GIVEN ENTRIES: Begin

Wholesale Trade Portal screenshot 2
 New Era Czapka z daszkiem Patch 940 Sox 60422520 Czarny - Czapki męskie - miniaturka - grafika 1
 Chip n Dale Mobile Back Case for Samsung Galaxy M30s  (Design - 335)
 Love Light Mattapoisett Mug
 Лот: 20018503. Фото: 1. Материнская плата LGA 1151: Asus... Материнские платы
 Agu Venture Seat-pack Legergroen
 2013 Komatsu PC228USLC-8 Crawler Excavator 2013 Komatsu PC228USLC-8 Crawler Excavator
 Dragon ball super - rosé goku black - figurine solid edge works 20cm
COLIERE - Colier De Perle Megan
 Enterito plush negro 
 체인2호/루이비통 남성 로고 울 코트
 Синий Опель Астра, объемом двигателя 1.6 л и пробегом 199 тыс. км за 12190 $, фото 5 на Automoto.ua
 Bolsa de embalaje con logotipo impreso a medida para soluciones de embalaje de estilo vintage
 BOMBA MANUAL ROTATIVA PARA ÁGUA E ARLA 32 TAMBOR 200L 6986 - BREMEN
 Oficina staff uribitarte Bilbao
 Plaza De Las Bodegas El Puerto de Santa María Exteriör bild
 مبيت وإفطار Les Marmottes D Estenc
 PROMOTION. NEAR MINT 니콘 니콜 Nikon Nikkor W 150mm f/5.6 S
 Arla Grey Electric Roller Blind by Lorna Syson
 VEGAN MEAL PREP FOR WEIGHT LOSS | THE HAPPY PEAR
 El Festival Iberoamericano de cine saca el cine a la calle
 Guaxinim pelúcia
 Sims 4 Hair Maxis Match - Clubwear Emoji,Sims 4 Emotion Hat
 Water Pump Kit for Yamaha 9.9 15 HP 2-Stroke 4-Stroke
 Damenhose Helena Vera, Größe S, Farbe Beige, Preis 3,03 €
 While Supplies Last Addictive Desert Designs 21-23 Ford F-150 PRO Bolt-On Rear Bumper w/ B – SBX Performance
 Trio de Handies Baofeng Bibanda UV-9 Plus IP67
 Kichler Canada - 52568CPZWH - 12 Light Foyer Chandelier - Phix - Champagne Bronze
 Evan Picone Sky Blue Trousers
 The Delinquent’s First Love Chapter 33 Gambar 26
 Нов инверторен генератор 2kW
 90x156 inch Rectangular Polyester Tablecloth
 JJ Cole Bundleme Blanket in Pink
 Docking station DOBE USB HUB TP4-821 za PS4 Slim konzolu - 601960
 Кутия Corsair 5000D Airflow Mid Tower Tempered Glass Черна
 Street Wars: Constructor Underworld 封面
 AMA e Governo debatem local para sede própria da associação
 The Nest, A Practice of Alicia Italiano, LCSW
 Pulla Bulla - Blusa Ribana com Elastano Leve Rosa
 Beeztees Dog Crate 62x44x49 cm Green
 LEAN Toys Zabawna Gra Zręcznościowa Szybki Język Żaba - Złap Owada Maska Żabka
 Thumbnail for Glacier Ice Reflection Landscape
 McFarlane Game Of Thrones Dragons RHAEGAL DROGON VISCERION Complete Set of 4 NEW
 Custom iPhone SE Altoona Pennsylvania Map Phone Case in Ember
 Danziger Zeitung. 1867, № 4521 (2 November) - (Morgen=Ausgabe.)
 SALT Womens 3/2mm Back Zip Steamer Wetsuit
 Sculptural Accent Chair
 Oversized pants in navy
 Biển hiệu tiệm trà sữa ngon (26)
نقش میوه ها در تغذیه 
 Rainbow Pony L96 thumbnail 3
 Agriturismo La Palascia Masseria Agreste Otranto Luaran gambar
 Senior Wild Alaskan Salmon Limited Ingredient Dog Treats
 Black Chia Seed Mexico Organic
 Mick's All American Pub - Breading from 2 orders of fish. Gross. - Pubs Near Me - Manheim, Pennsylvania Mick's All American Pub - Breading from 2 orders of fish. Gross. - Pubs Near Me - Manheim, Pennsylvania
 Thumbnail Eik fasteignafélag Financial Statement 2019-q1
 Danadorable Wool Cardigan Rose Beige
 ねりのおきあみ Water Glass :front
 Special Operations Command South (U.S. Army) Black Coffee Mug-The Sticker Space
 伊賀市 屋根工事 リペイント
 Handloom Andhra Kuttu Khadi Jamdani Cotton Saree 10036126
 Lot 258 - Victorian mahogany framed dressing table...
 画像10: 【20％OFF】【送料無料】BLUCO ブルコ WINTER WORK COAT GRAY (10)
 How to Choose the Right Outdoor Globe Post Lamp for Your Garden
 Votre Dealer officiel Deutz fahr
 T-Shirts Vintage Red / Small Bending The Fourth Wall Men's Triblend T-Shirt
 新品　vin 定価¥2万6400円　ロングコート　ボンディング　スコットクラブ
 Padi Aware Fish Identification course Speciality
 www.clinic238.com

GIVEN ENTRIES: End

# REQUIRED WORK:
From the data above, copy every line where "Pennsylvania" appears.

# ANSWER SPACE:
 Custom iPhone SE Altoona Pennsylvania Map Phone Case in Ember
 Mick's All American Pub - Breading from 2 orders of fish. Gross. - Pubs Near Me - Manheim, Pennsylvania Mick's All American Pub - Breading from 2 orders of fish. Gross. - Pubs Near Me - Manheim, Pennsylvania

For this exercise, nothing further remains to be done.